Planning a New Home/FAQs
Financial & Legal Information
PURCHASE AGREEMENT OR BUILDING CONTRACT
The purchase agreement or building contract is an agreement, which sets out the mutual obligations
between the purchaser and the builder. To be valid, any verbal understandings or agreements that lead
up to the contract signing should be documented in the contract. Unless they appear in writing,
verbal agreements are not part of the contract. As the Purchaser, you're obligated to pay for and take
possession of the home you have contracted for upon its completion. The Builder is obligated to construct
the home according to your contractual specifications and to complete the transfer of title. The Purchase
Price is the agreed upon price of your new home (and lot if applicable) plus GST less the GST Rebate
granted by the federal government to new home buyers plus any adjustments.

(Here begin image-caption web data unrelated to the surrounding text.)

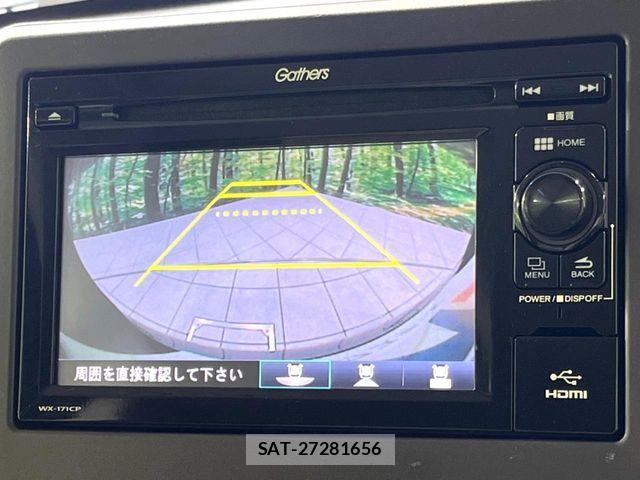 Honda N BOX 2018-11 8627973-4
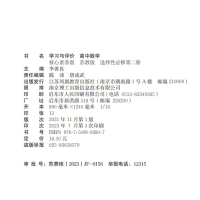 学习与评价 高中数学 [苏教版] 选择性必修第二册 [正版]2024 学习与评价 高中数学 苏教版 选择性必修第二册 含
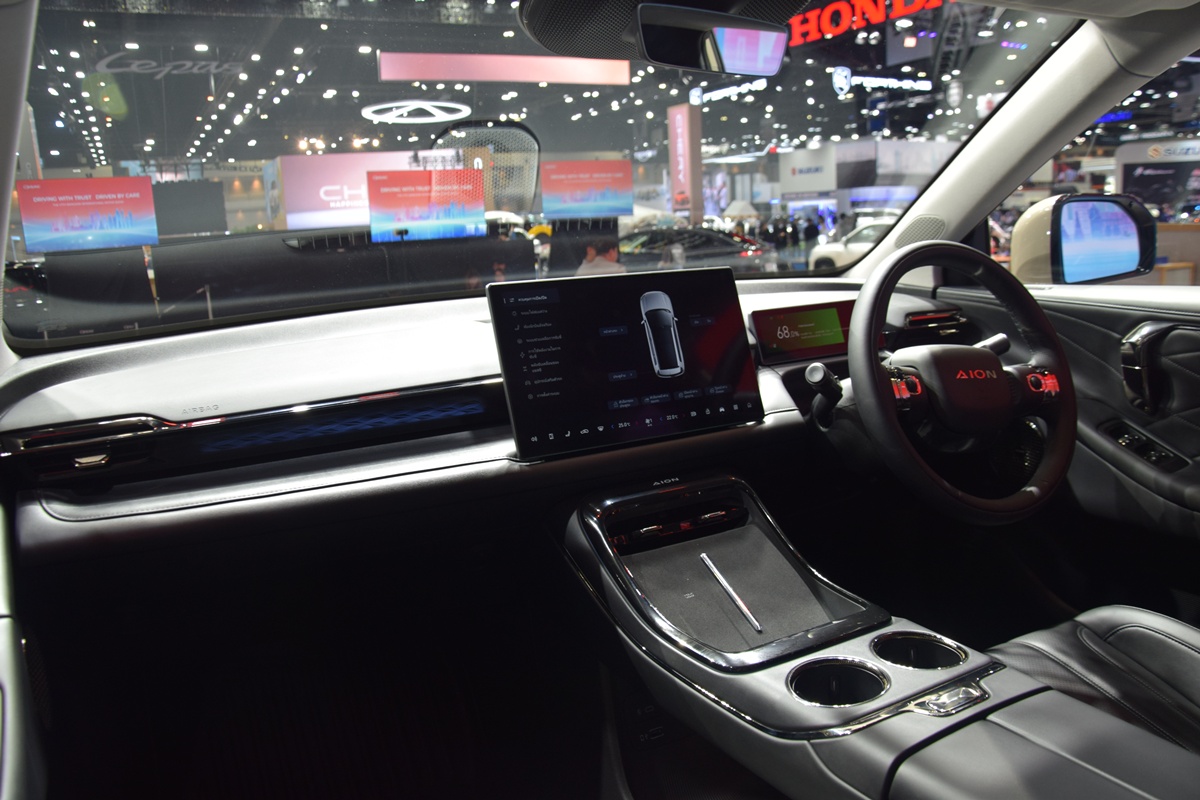 GAC AION V 500 Premium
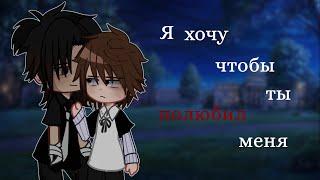 ️ | Я хочу чтобы ты полюбил меня | ️  5/? ~ЯОЙ~ Сериал, гача лайф, яой, gacha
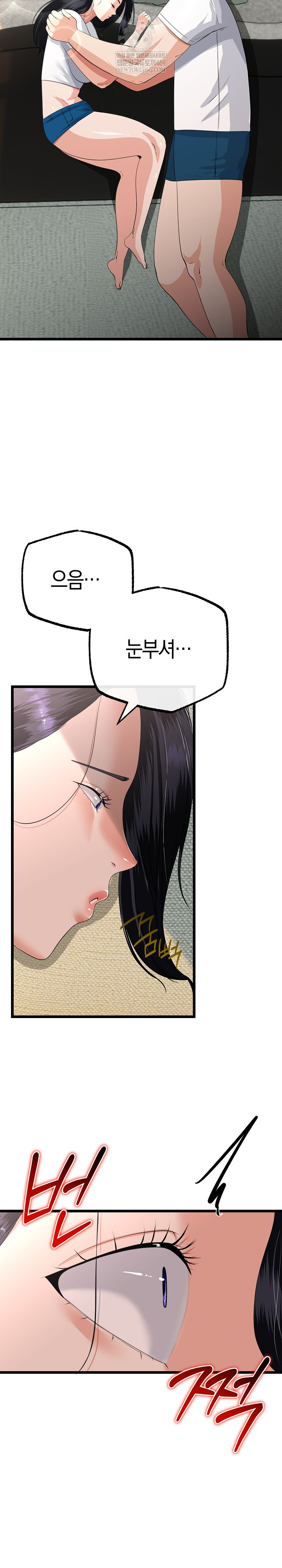 My Stepmom Has Returned Raw - Chapter 77 Page 24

The Purchase Price also
includes any agreed to changes in the plans and specifications at the time of the contract signing.
Adjustments to the Purchase Price are normal added costs associated with the purchase of a new home.
These can include: Legal Fees, Title Transfer Costs, Mortgage Application Fees, Interest Costs during
construction and at Interest Adjustment Dates, and Taxes and supplemental taxes. Builders have their own
policies on how Adjustments are handled.
- Read any pre-printed standard clauses
- Know and stipulate what the builder is to supply and install
- Determine exactly what the purchase price includes
- Do not sign in haste
- Ensure you fully understand all aspects of the contract
- Ensure the contract accurately reflects your wishes
- Have your lawyer review the wording and your obligations
Your Mortgage Lender will provide you with a letter of commitment regarding your mortgage
arrangements. This details the specifics of your loan, interest rate adjustments, and adjustment dates.
There are many different ways to approach your mortgage arrangements.
This will depend on your personal financial situation and your ability to find the best terms
available at the time. One of the most common and beneficial features is a "capped
rate". This generally guarantees that your mortgage rate will not go up even if interest
rates have generally increased at the time of closing, but will go down if they have decreased.
An experienced mortgage officer should be capable of answering any mortgage questions that you might have.